Some lives grow far too big for any one film to contain them, but Bezinović gives it his best. D’Annunzio was born in Pescara in 1863, made his name as a prominent poet and playwright at the beginning of the 20th century, and later reinvented himself––consequentially, in the eyes of his countrymen––as a national hero fighting in WWI. While politically left-leaning, the war years calcified the writer’s nationalist tendencies to the point that when Fiume was named a part of Yugoslavia in the Paris Peace Conference, D’Annunzio was so enraged that he rounded up 186 Italian grenadiers to take it back. It’s a story so good, so full of folly and hubris, it’s hard to believe there hasn’t been a major film made about it before.

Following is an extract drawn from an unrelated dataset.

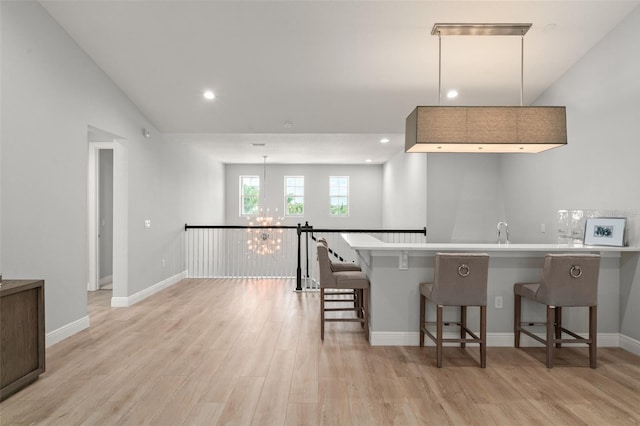 8017 Chilton Dr, Orlando, FL 32836 - kitchen with a chandelier, a kitchen bar, light wood-style flooring, a peninsula, and baseboards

This is of course great news for Bezinović, as it is for any viewer unaware of D’Annunzio’s deeds and misdeeds, especially given how well the filmmaker spins the yarn: Fiume is constructed as a mixture of absurdist reenactments (conducted in counterpoint amidst normal, bustling streets) and somewhat more sobering archival material in the second act (where the film takes an understandable dip into something more conventional). Not a great deal of film exists from the time; Bezinović instead uses D’Annunzio’s writing and the vast archive of images taken by his photography team. He either visits the sites as they are today (the film opens with images of the bridges D’Annunzio’s men destroyed) or has locals reenact the soldier’s poses. The film finds much of its resonance from the reactions of people passing by.
Most of the fun and satire plays out in the opening half, buoyed by the liveliness of Bezinović’s storytelling and personalities of the people he meets and enlists along the way. (The casting takes place like a vox-pop, on a gorgeous day in a village market where the director’s evident charm sets the tone for the film.) Bezinović then follows D’Annunzio’s footsteps from Venice to Fiume, with a convoy of lorries standing in for his army and a sports car standing in for his old-timer Fiat. The film’s aesthetic manifesto can be summed up in the shot of a band of uniformed D’Annunzios rocking out on an elevated patch of land as his motorcade rides by. It’s a tremendous image, one that any film would struggle to live up to. Credit to Bezinović and his team for largely pulling it off.
Fiume o Morte! premiered at the 2025 International Film Festival Rotterdam.